2

I'm just trying to get myself familiar with dataclass in python. One thing I learned from some readings online is that, we can turn the regular class definition with a mutable class variable (which is a bad thing), into dataclass and that would prevent it. For example:

regular class:

class A:
    a = []
    
    def __init__(self):
        self.b = 1

this could have potential issue where different instances share the same class variable a, and modify a unknowingly.

and with dataclass:

@dataclass
class A:
    a: list = []

    def __init__(self):
        self.b = 1

this does not allow me to write this class by raising error:

ValueError: mutable default <class 'list'> for field a is not allowed: use default_factory

however, if I simply get rid of the type annotation:

@dataclass
class A:
    a = []

    def __init__(self):
        self.b = 1

there is no complaint at all and a is still shared across different instances.

Is this expected?

How come the simple type annotation would change the behavior of the class variable?

(I'm using python 3.7.6)

Axe319
  • 4,255
  • 3
  • 15
  • 31
Sam
  • 475
  • 1
  • 7
  • 19
  • 5
    Because it does. The type annotations are what trigger this check. What you wrote is not inherently wrong, it's just inadvisable. Python can't diagnose inadvisable behavior unless you are doing type checking. – Tim Roberts Nov 30 '21 at 19:00
  • 1
    What do you mean how? The `dataclasses.dataclass` decorator uses the *type annotations* of the class to generate the code for the class. IIRC an unannotated variables is just assumed to be a class variable, not an instance variable (which it will be turned into if you annotate it) – juanpa.arrivillaga Nov 30 '21 at 19:03
  • 2
    And why are you implementing `__init__`? Note, the decorator assumes your class is empty, it recognizes no instance variables, so thinsg like `__repr__` won't handle `self.b` – juanpa.arrivillaga Nov 30 '21 at 19:05
  • 1
    Also note, having a mutable class variables is pretty normal. It is *mutable default arugments* which are problematic, since they behave unexpectedly, although, if oyu understand how they work it isnt a huge problem – juanpa.arrivillaga Nov 30 '21 at 19:06
  • See https://docs.python.org/3/library/dataclasses.html#mutable-default-values – Axe319 Nov 30 '21 at 19:15
  • oh I see.., as reddy showed in the answer, it looks for fields in `__annotations__`, if not found it's just treated as a class variable.
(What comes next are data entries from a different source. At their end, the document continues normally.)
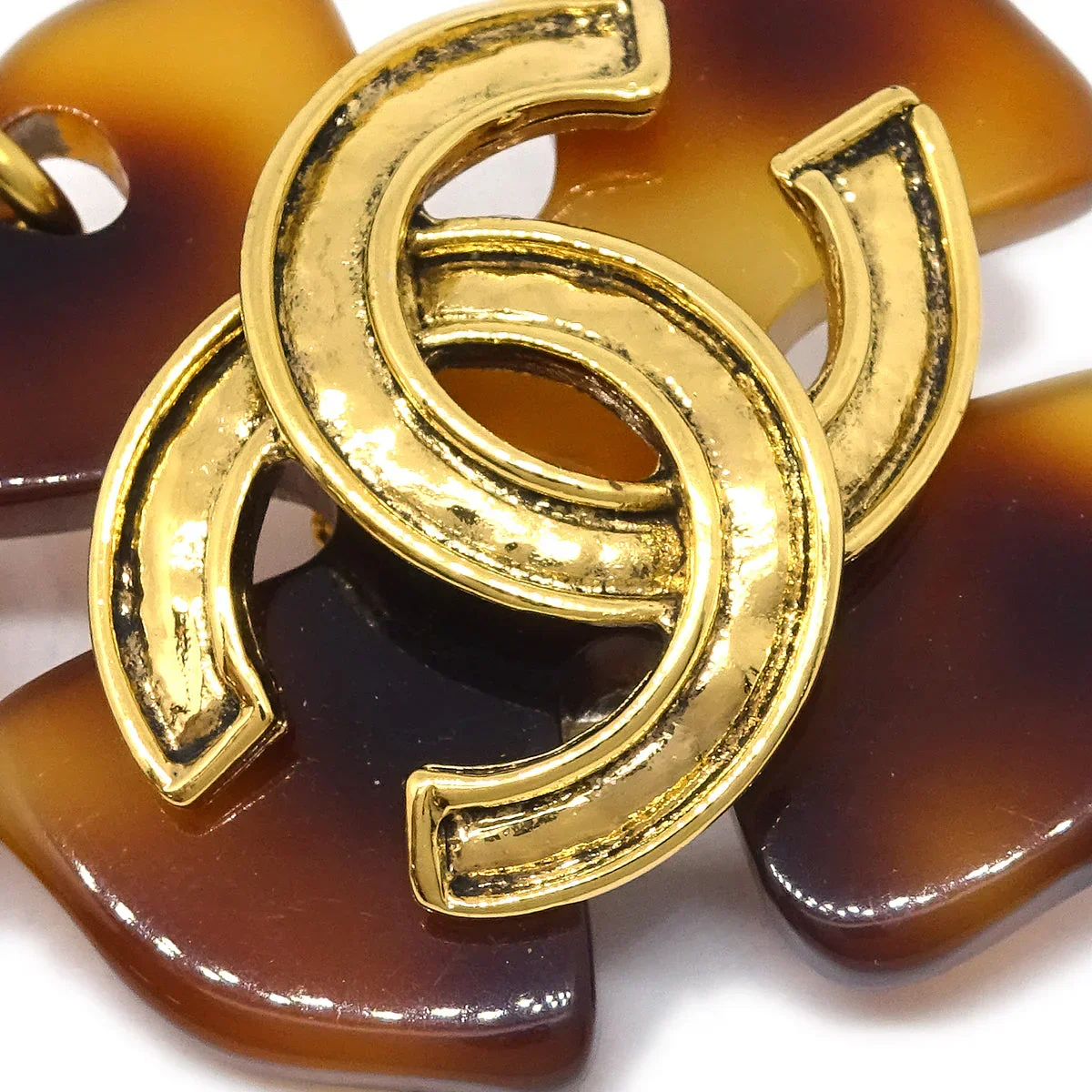 Chanel CC Dangle Earrings Gold Clip-On Brown 94P - Image 2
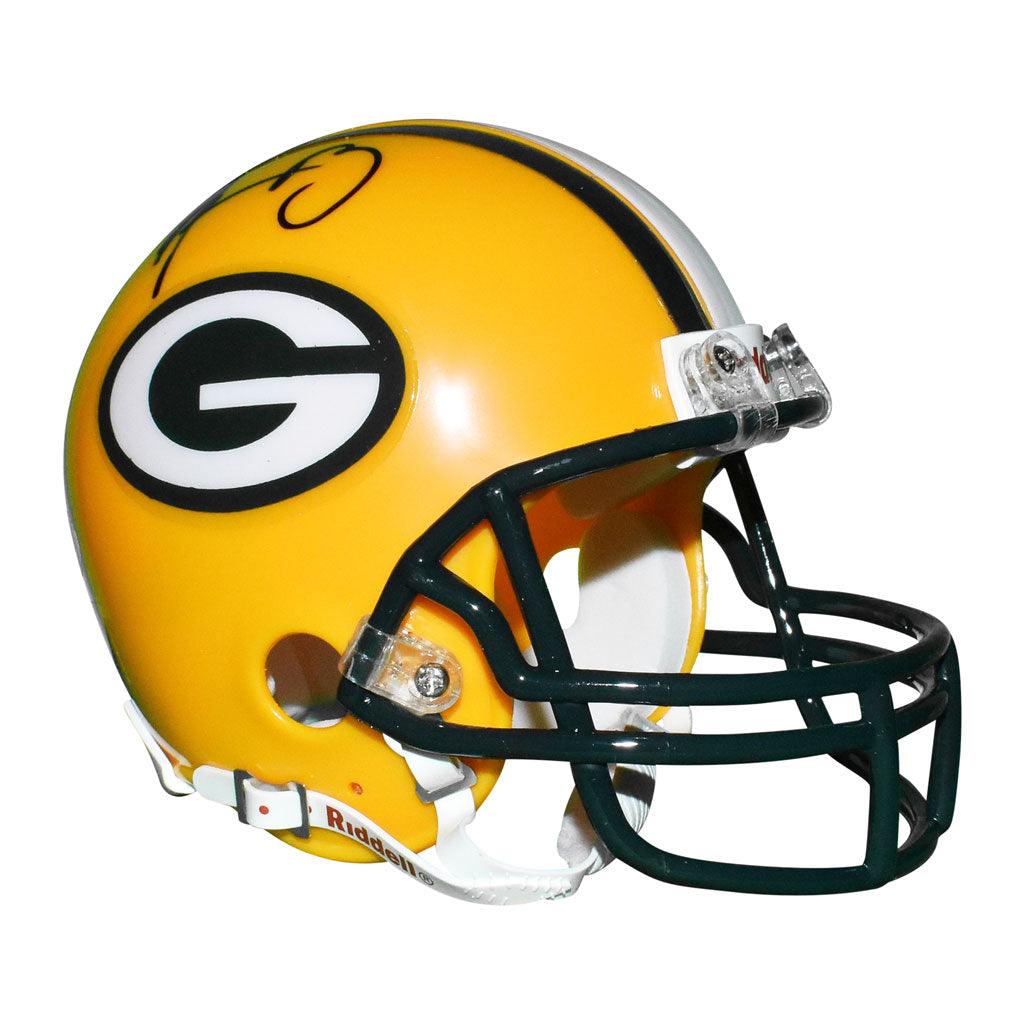 Aaron Rodgers Autographed Green Bay Packers Mini Replica Yellow Football Helmet with JSA Certificate - Perfect for NFL Fans, Collectors & Sports Memorabilia Displays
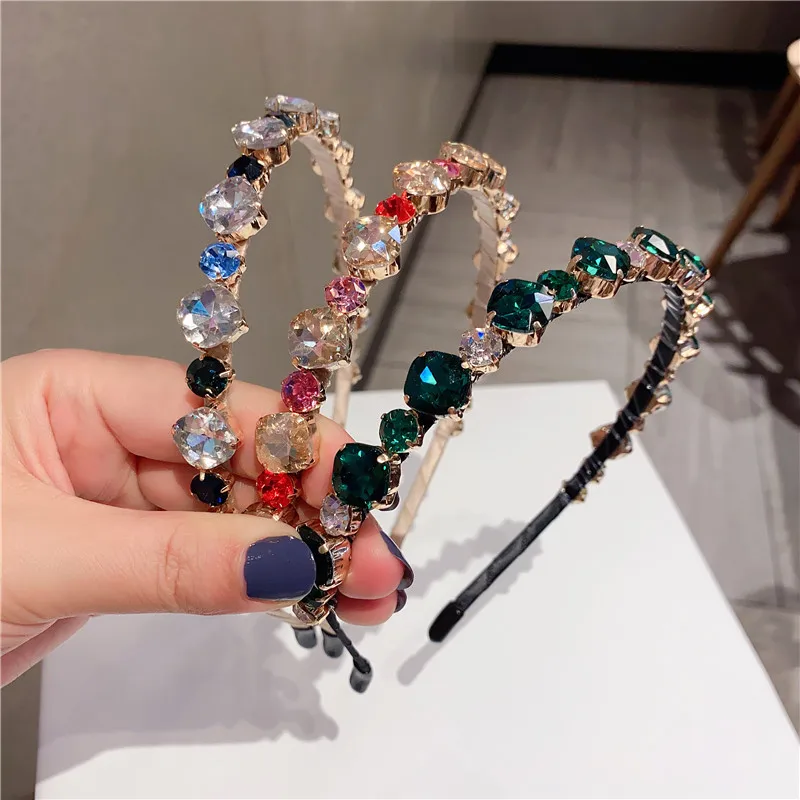 

Женские ободки для волос в стиле барокко, яркие квадратные обруч со стразами, ободок для волос, свадебные аксессуары для волос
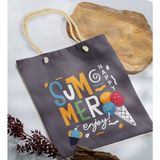 Bk Gift Yaz Temalı Antrasit Halat Saplı Kumaş Plaj Çantası -12 Baskılı Omuz Çantası
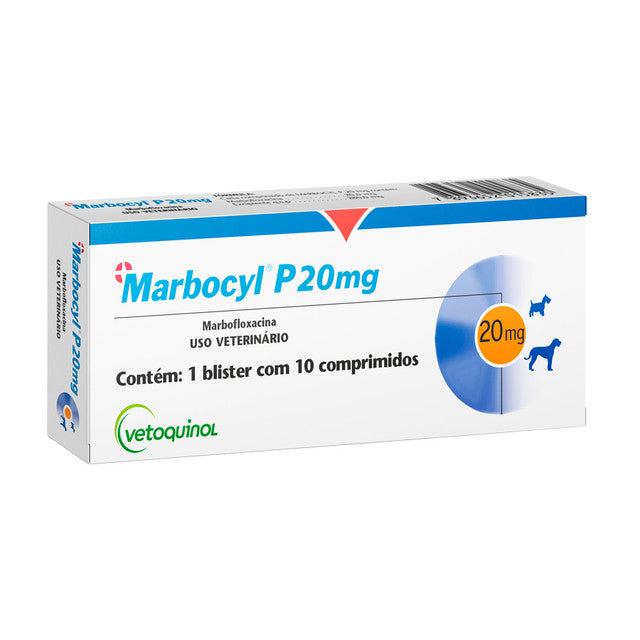 Antibiótico Marbocyl P 20 mg para Cães e Gatos Vetoquinol 10 comprimidos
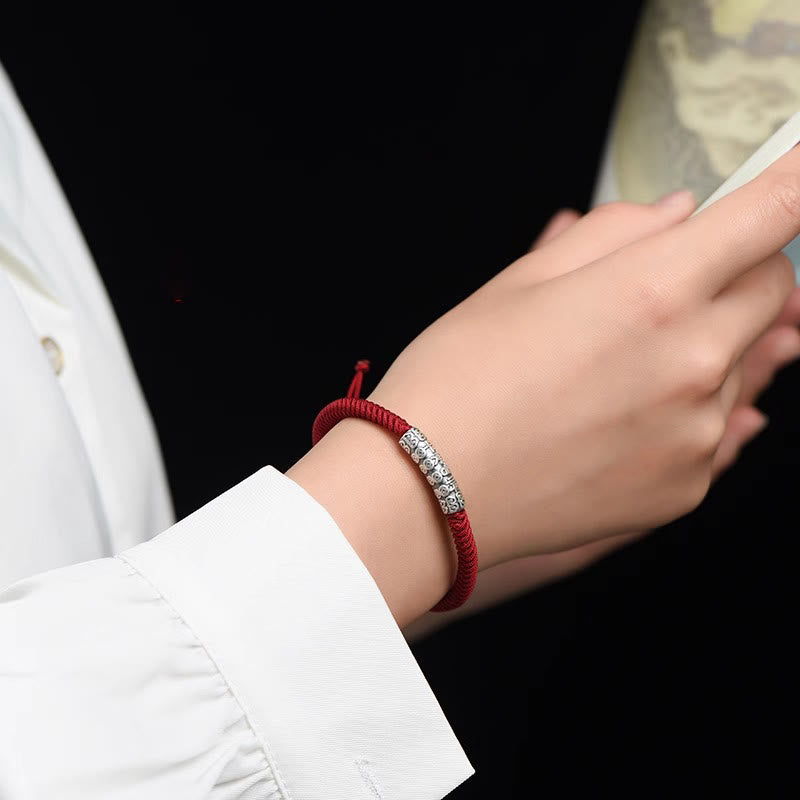 Buddhist Blessing Handmade 999 Sterling Silver Peace and Good Fortune Om Mani Padme Hum Luck Rope Bracelet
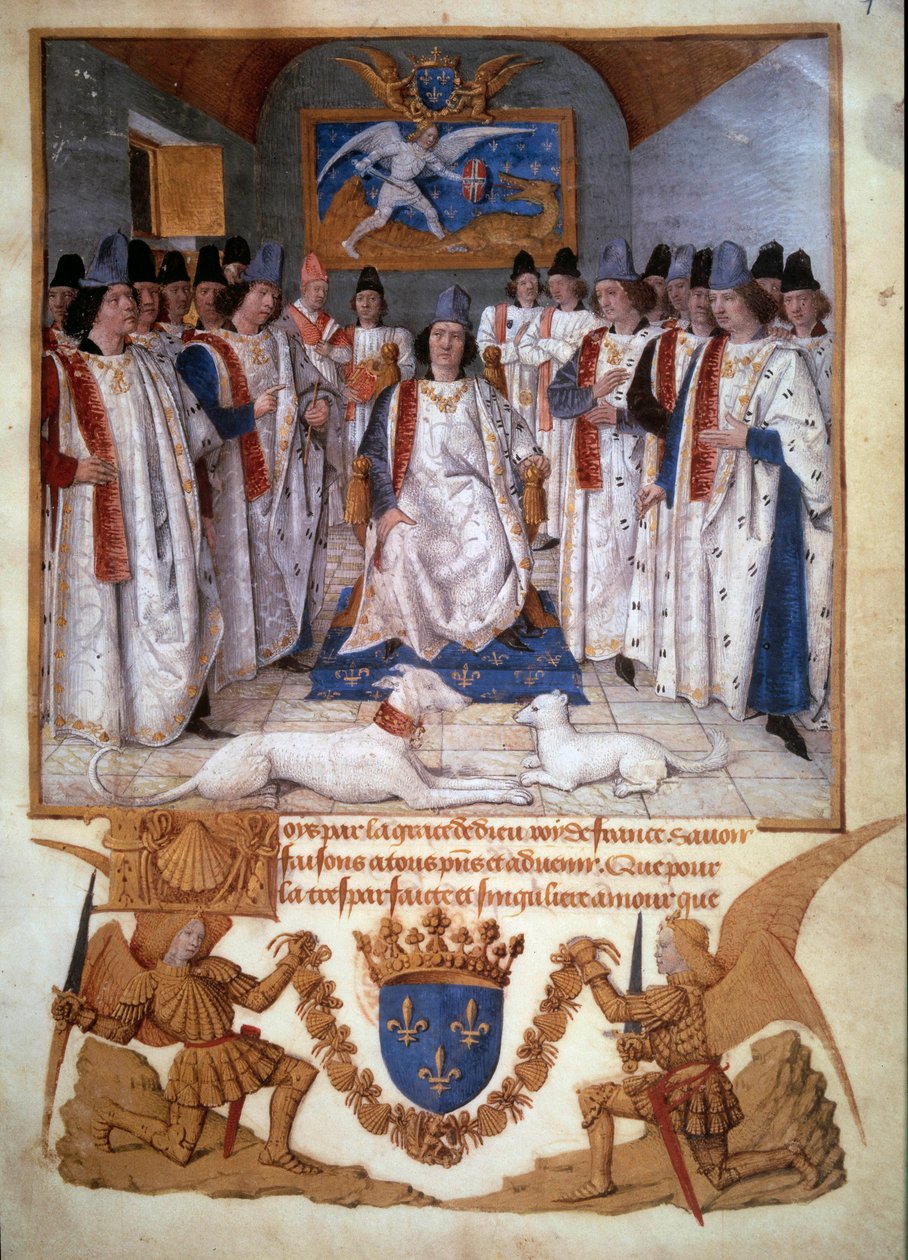 تم عقد فصل من وسام القديس ميشيل حول لويس الحادي عشر (1423-1483) منمنمة من "قوانين وسام سان ميشيل" لجان فوكيه (1420-1481) 1470 باريس ، بي إن بواسطة جان فوكيه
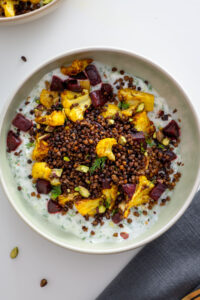 Roasted Cauliflower Bowl with Tzatziki & Crispy Lentils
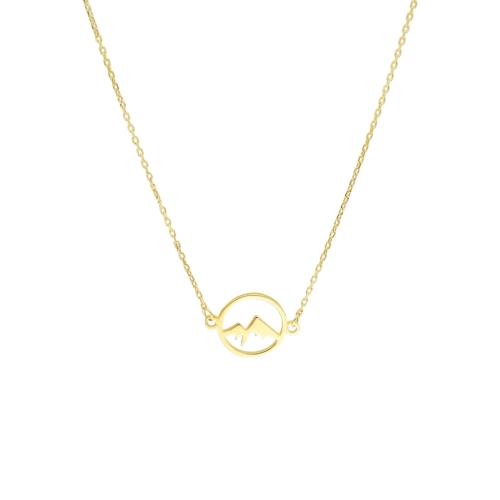 Naszyjnik z motywem gór srebro pozłacane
Although it does seem like one always needs to remember to put the type annotation where it's needed, which I found myself don't have this habit awalys yet... – Sam Nov 30 '21 at 19:43
  • 2
    @Sam *the whole point of dataclasses is to use annotations to avoid boilerplate*. That's the *first thing* you'd remember if you are using the `dataclasses.dataclass`. I'm not sure what you read, but you shouldn't use this decorator for things like "preventing a mutable class variable", it is a code-generator to avoid boilerplate for classes that act like "records", i.e. bundles of data ... a *data class*. Again, implementing `__init__` defeats the entire purpose – juanpa.arrivillaga Nov 30 '21 at 19:50
  • I advise you to check __post__init__ for initialisations inside dataclass : https://docs.python.org/3/library/dataclasses.html#post-init-processing – Mehmet Burak Sayıcı Jun 14 '23 at 12:11

1 Answers1

4

When you declare

@dataclass
class A:
    a = []

    def __init__(self):
        self.b = 1

a is not a dataclass field. REF: https://github.com/ericvsmith/dataclasses/issues/2#issuecomment-302987864

You can take a look at __dataclass_fields__ and __annotations__ fields after declaring the class.

In [55]: @dataclass
    ...: class A:
    ...:     a: list = field(default_factory=list)
    ...:
    ...:     def __init__(self):
    ...:         self.b = 1
    ...:

In [56]: A.__dict__
Out[56]:
mappingproxy({'__module__': '__main__',
              '__annotations__': {'a': list},
              '__init__': <function __main__.A.__init__(self)>,
              '__dict__': <attribute '__dict__' of 'A' objects>,
              '__weakref__': <attribute '__weakref__' of 'A' objects>,
              '__doc__': 'A()',
              '__dataclass_params__': _DataclassParams(init=True,repr=True,eq=True,order=False,unsafe_hash=False,frozen=False),
              '__dataclass_fields__': {'a': Field(name='a',type=<class 'list'>,default=<dataclasses._MISSING_TYPE object at 0x7f8a27ada250>,default_factory=<class 'list'>,init=True,repr=True,hash=None,compare=True,metadata=mappingproxy({}),_field_type=_FIELD)},
              '__repr__': <function dataclasses.__repr__(self)>,
              '__eq__': <function dataclasses.__eq__(self, other)>,
              '__hash__': None})

In [57]: @dataclass
    ...: class A:
    ...:     a = []
    ...:
    ...:     def __init__(self):
    ...:         self.b = 1
    ...:

In [58]: A.__dict__
Out[58]:
mappingproxy({'__module__': '__main__',
              'a': [],
              '__init__': <function __main__.A.__init__(self)>,
              '__dict__': <attribute '__dict__' of 'A' objects>,
              '__weakref__': <attribute '__weakref__' of 'A' objects>,
              '__doc__': 'A()',
              '__dataclass_params__': _DataclassParams(init=True,repr=True,eq=True,order=False,unsafe_hash=False,frozen=False),
              '__dataclass_fields__': {},
              '__repr__': <function dataclasses.__repr__(self)>,
              '__eq__': <function dataclasses.__eq__(self, other)>,
              '__hash__': None})

From PEP 557:

The dataclass decorator examines the class to find fields. A field is defined as any variable identified in __annotations__. That is, a variable that has a type annotation. REF: How to add a dataclass field without annotating the type?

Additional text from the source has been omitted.